L'éditorial
Tourisme urbain: rennes était en avance

     C'est un paradoxe qu’explore ce numéro de Place Publique! L’organisation française du tourisme urbain, dans les années 80, est partie de Rennes, capitale d’une région classée comme rurale et balnéaire. Des pionniers, comme Jean-Bernard Vighetti, directeur de l’Office de tourisme de Rennes de 1980 à 2004, ont mis en musique cette aspiration des villes à se faire belles (la rénovation urbaine), attirantes (une politique de promotion des congrès) et festives (les Tombées de la nuit) pour profiter de la vogue des courts séjours due à la réduction du temps de travail.
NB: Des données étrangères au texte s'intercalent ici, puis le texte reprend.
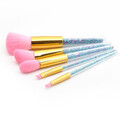  5 Pcs/1 Make-up-Pinsel-Set Damen Reisen Lidschattenpinsel Für Concealer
    L’office de tourisme de Rennes Métropole où se tinrent en 1988 les premières assises nationales du tourisme urbain assure toujours, d’ailleurs, le secrétariat de sa Conférence nationale permanente. Et pourtant, peut-on dire que Rennes soit une métropole touristique? Certainement pas! Elle n’en a ni les moyens, ni l’ambition et c’est peut-être une chance.
    Une métropole touristique a aujourd’hui un rayonnement international. Par son patrimoine, par ses fêtes, par sa modernité. C’est le cas des « grandes capitales »: Paris, Berlin, Prague, Rome, Barcelone même, ou – créations plus récentes – New York ou Dubaï. C’est le cas aussi de villes plus modestes que l’on affuble du qualificatif, vilain mais souvent justifié, de « touristifiées ». Voyez Bruges ou Venise, préservées comme des bijoux, mais presque momifiées. Venise, rappelle dans ce numéro l’article de l’universitaire angevin Philippe Duhamel, a vu sa population divisée par cinq entre 1780 et 1830. Elle n’a survécu que par l’intérêt que lui ont porté les Romantiques : c’est le tourisme qui l’a sauvée. Non, Rennes, entre Angers que le parc végétal Terra Botanica va peut-être réveiller et Nantes qui a pris un peu d’avance, est une ville moyenne qui cherche à développer sa fréquentation touristique mais peine à se distinguer des autres pour tirer son épingle du jeu. Les trois villes, d’ailleurs, ont ceci en commun: il est beaucoup plus facile d’y trouver une chambre d’hôtel le week-end qu’en semaine et l’été que l’hiver. Ce sont des villes où l’on vient pour le travail plutôt que pour l’agrément. Ce qui semble satisfaire l’hôtellerie: Rennes Métropole compte un seul hôtel 4 étoiles contre deux à Nantes et dix hôtels 3 étoiles comme Nantes. Les deux villes comptent d’ailleurs, en 2009, exactement le même nombre de chambres d’hôtels (8,6) pour 1000 habitants. Mais Nantes a fait un bond en ouvrant l’an dernier 650 nouvelles chambres (+ 13 %).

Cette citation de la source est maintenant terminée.